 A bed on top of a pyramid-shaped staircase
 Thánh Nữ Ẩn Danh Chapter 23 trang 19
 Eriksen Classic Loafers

...

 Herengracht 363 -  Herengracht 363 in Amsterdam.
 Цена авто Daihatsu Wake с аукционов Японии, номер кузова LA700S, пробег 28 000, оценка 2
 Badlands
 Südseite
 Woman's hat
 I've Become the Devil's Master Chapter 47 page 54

__Your objective__
Your task is to copy each line of the material that contains the word "Chapter".

__Exercise response__
 Thánh Nữ Ẩn Danh Chapter 23 trang 19
 I've Become the Devil's Master Chapter 47 page 54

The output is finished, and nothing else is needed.